La risposta alla seconda domanda è “con grande difficoltà”. In sostanza non possiamo affermare questa vicinanza dei due tassi, quello effettivo e quello naturale, se non a prezzo di un atto di fede. Gli studiosi approcciano questo problema in due modi, uno più strettamente analitico e uno più pragmatico che “cerca di filtrare i tassi naturali non osservabili dai tassi di mercato”. Ed è qui che la cosa si fa interessante. “Poiché il tasso naturale è definito come il tasso di interesse reale che sarebbe prevalente in piena occupazione, o quando l’output è pari all’output potenziale, un segnale fondamentale arriva dall’andamento dell’inflazione”. Ciò in quanto “la curva di Phillips ci dice che quando l’output è al di sopra del suo potenziale l’inflazione sale; quando è sotto, l’inflazione cade. Quindi se ne deduce che ogni volta che l’inflazione sale, il tasso di mercato è troppo basso, cioè sotto il tasso naturale, e viceversa quando è sopra. Questo in quanto il tasso di interesse reale è una variabile chiave
influenzando la domanda aggregata”. In sostanza, l’inflazione è l’ago della bussola “che dovrebbe dirci dove si trovi il tasso naturale di interesse”, e questo risponde alla prima domanda. Ed ecco l’Eldorado delle banche centrali: “Controlla l’inflazione è saprai che hai raggiunto la tua destinazione”. Nel caso delle BC un’inflazione al 2% è la metafora di un’economia moderatamente surriscaldata. E quindi raggiungere il target implica che la macchina economica stia girando nell’orbita del suo potenziale, al netto del ciclo economico. Quindi un arco di tempo lungo, che poi è quello che i modelli chiamano long run.

Quali sono le conseguenze di questa costruzione mentale? “Se si considera vero il modello – spiega – diventa quasi una tautologia affermare che, poiché l’inflazione non sta aumentando e l’economia è vicina al pieno impiego, il tasso naturale deve essere diminuito”. Tutto ciò ha precise implicazioni di policy. “Non è raro fra i policymaker – nota – rivedere la proprie stime dell’ouput potenziale e del NAIRU, altre due variabili non osservabili, presumendo che la relazione della curva di Phillips regga, ossia che se l’inflazione non riesce a salire, l’output potenziale viene rivisto verso l’alto e il NAIRU in discesa”. Ma c’è un ma. “L’inconveniente principale di questo approccio è che la curva di Phillips è sua una componente chiave.
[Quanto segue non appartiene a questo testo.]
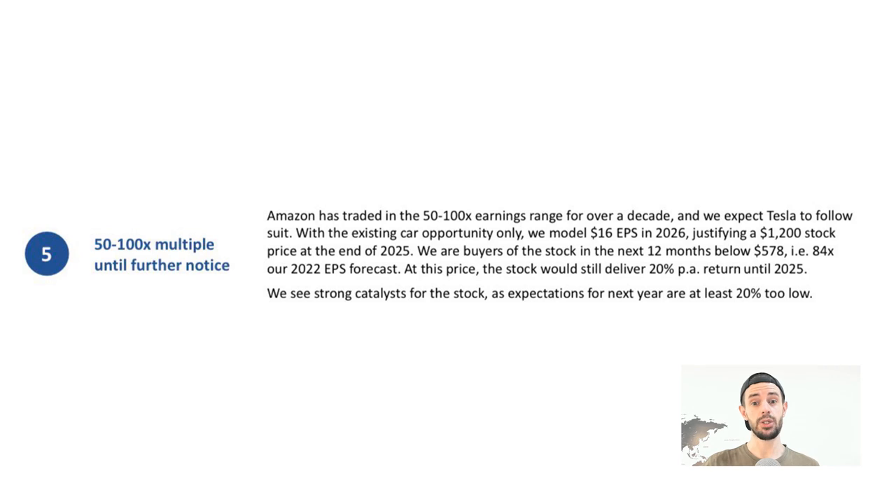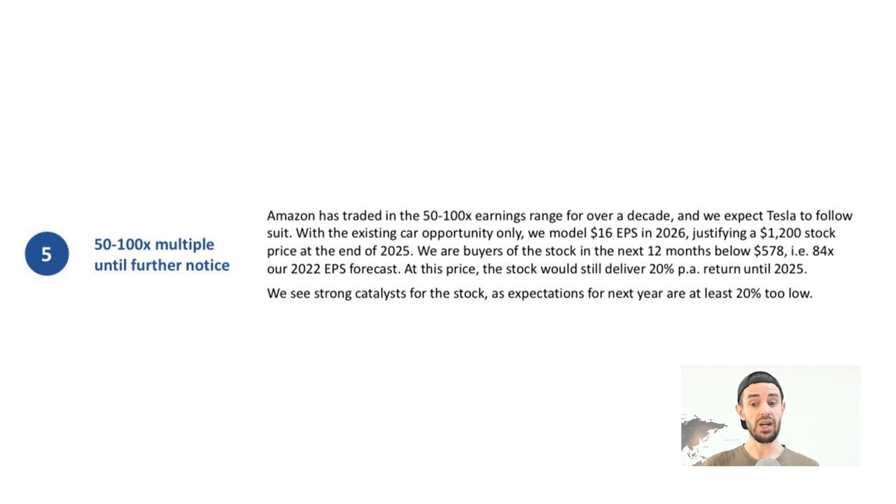Key point five: an interesting comparison between Tesla stock and Amazon stock. Amazon has traded in the 50 to 100 times earnings range for over a decade, and New Street Research expects Tesla to follow suit. With the existing car opportunity alone, they model $16 earnings per share in 2026, justifying a $1,200 stock price at end of 2025. For context, ARK Invest's previous split-adjusted price target was $1,400 per share for 2025 — so New Street's $1,200 is pretty close to ARK's baseline case.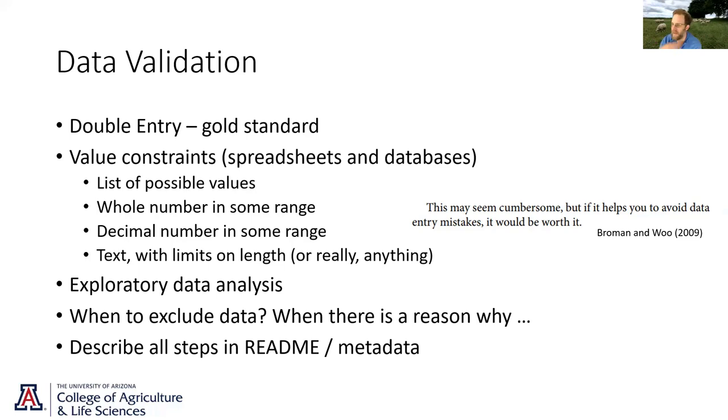Even if you're not sure if data should be excluded but you exclude it, it's not uncommon to read in a paper where they say 'here's the analysis, but there's this one outlier I don't understand — if we reanalyze it without that outlier, here are the patterns I see.' This is all about stating your assumptions. You can describe these things in your readme or metadata, explaining why the data is gone.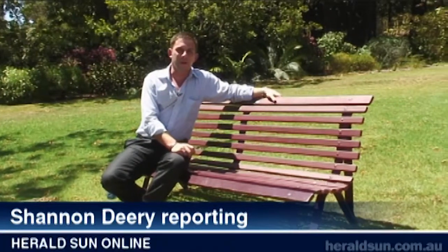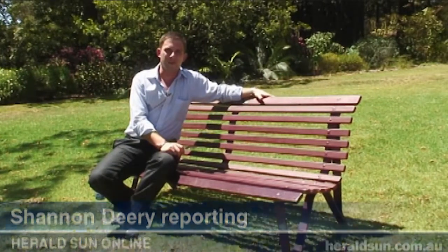We're in the middle of Melbourne's hottest summer in over a hundred years, so we thought we'd come out here and try a little experiment. This park bench has probably never had an egg cooked on it, so we thought we'd come out here and give it a crack.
Eppure è proprio questo il rapporto (fra inflazione e disoccupazione, ndr) che si è rivelato così sfuggente. Basta ricordare come l’inflazione sia rimasta notevolmente sottotono anche se le economie sembrano essere vicine alla piena occupazione o al di là di essa, se si utilizzano parametri diversi dall’inflazione stessa”. Che vuol dire tutto questo? Che la mitologia è una cosa bellissima. Fino a quando la realtà non bussa alla porta.